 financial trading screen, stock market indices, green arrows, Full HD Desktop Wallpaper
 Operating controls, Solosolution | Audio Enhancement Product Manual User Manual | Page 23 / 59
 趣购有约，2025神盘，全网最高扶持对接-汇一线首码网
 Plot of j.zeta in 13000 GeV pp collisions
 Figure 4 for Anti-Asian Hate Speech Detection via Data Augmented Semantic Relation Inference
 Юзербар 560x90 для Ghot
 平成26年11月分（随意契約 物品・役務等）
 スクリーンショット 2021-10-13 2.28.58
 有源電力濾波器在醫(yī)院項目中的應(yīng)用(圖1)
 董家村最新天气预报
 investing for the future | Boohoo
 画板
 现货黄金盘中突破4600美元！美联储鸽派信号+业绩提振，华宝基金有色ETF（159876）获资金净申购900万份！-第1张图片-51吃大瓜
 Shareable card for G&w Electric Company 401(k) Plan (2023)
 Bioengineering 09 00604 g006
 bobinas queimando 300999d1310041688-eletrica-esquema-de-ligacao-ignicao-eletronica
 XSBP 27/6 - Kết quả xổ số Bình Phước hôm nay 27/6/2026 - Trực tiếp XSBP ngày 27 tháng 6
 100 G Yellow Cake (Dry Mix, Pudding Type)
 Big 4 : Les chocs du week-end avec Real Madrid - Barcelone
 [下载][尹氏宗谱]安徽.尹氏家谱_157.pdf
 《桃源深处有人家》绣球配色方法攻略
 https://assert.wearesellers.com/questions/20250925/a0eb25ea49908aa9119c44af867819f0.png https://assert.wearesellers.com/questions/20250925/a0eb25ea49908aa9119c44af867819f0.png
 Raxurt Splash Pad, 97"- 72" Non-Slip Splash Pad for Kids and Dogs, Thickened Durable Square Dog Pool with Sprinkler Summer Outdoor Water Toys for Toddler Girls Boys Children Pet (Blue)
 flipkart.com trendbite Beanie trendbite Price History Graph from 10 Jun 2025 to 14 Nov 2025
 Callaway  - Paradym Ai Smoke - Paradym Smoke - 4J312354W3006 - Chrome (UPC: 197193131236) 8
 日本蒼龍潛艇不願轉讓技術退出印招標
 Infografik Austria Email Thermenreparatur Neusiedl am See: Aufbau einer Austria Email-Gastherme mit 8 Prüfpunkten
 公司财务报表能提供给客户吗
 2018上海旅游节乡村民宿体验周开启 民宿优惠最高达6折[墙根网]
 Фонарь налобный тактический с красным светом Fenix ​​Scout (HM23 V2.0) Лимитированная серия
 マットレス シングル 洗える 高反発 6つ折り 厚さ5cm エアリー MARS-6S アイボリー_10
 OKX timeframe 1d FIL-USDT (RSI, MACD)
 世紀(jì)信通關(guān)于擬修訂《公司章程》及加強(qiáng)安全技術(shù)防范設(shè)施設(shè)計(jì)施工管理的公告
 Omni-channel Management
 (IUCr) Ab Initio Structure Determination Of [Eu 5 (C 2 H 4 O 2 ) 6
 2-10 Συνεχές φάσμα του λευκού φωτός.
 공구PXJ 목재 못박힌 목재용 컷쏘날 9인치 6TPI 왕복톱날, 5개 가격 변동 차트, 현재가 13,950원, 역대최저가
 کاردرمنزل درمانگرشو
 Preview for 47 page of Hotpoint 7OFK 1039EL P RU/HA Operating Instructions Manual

○ ○ ○

### Activity
All that should appear in the response is the run of lines from the first line of the entries through the line containing "Юзербар 560x90 для Ghot", copied exactly.

### Answer for this exercise
 financial trading screen, stock market indices, green arrows, Full HD Desktop Wallpaper
 Operating controls, Solosolution | Audio Enhancement Product Manual User Manual | Page 23 / 59
 趣购有约，2025神盘，全网最高扶持对接-汇一线首码网
 Plot of j.zeta in 13000 GeV pp collisions
 Figure 4 for Anti-Asian Hate Speech Detection via Data Augmented Semantic Relation Inference
 Юзербар 560x90 для Ghot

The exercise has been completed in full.